Surgical treatment


Freezing warts with liquid nitrogen is a rapid method of treatment. It is contraindicated in small children, since it is frequently associated with intense pain secondary to oedema under the nail bed. Application of a surface anaesthetic cream 1-2 hours prior to therapy does not help to reduce pain in the periungual region. Hyperkeratotic warts should be pared off before treatment to permit freezing of the deeper portions of the wart. Freezing takes 10-15 seconds using cryogen spray. A 1 mm halo ring should form in the normal skin surrounding the wart. Cryosurgery should be used with caution for warts on the proximal nail fold, since nail matrix damage is a common complication, with leukonychia, Beau's lines and onychomadesis.

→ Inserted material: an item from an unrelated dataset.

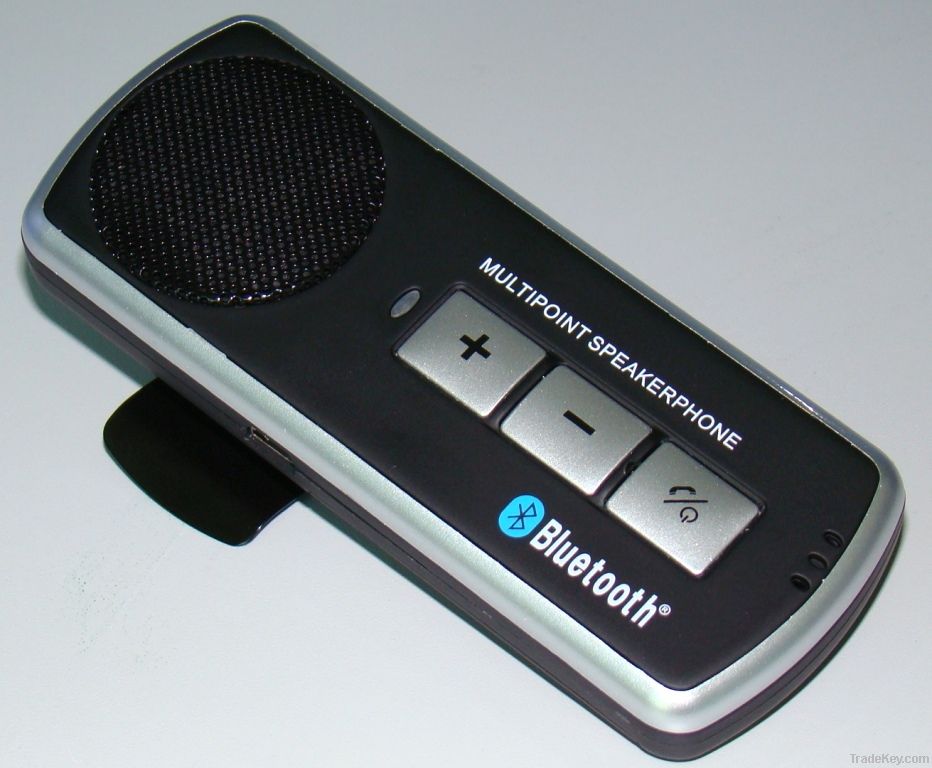 car bluetooth hands free speakerphone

Irreversible matrix destruction with nail atrophy has been reported after overzealous cryosurgery.

Surgical excision

Excision of periungual warts is not recommended since it produces scarring and is associated with a high frequency of recurrence.

• Electrosurgery should be avoided, since it produces considerable scarring.

• Infrared coagulation is another destructive method that is not recommended.

• Localized heating using a radiofrequency heat generator has been successfully used to treat hand warts (86% cure). This treatment is not particularly painful, but may cause scarring and does not seem suitable for periungual warts.

Laser techniques

Carbon dioxide laser: this causes thermic destruction of the wart, producing a loss of skin which heals by secondary intention. When warts extend into the nail folds or the nail bed, laser treatment should be preceded by partial or total nail avulsion. Re-epithelialization takes a long time (approximately 9 weeks) and is associated with risk of infections and pain. Some authors reported complete cures in 71% of patients with periungual warts exclusively treated with one or two sessions of CO2 laser. Temporary or permanent nail dystrophy were observed in 29% of treated patients. Pain sometimes persists after wound healing. Scarring is not rare, as well as disturbance of function. This technique is suggested only as a secondary approach for recalcitrant warts.

Pulsed dye laser: this laser acts through a selective microvascular destruction of the dilated capillaries of the warts, since the oxyhaemoglobin contained in the vessels preferentially absorbs yellow light. Healing of the wart is due both to thermic damage and to removal of the blood supply. Stimulation of a cell-mediated immune response may be another contributing factor. A few days after the procedure the wart becomes dry and black, as a result of necrosis. Since no wound is produced, patients may return to work immediately and postoperative pain is minimal. Healing occurs after 2-4 weeks. Periungual warts are less responsive to treatment than palmar or common warts. Although this technique is associated with a very low incidence of scarring, cure is achieved in only a third of cases, and usually after two to four treatments.

• Erbium:YAG laser: the erbium:ytrium-aluminium-garnet (YAG) laser produces a controlled tissue ablation with minimal thermal damage compared with the CO2 laser. This laser has been used for periungual warts with an excellent safety profile and minimal morbidity and pain.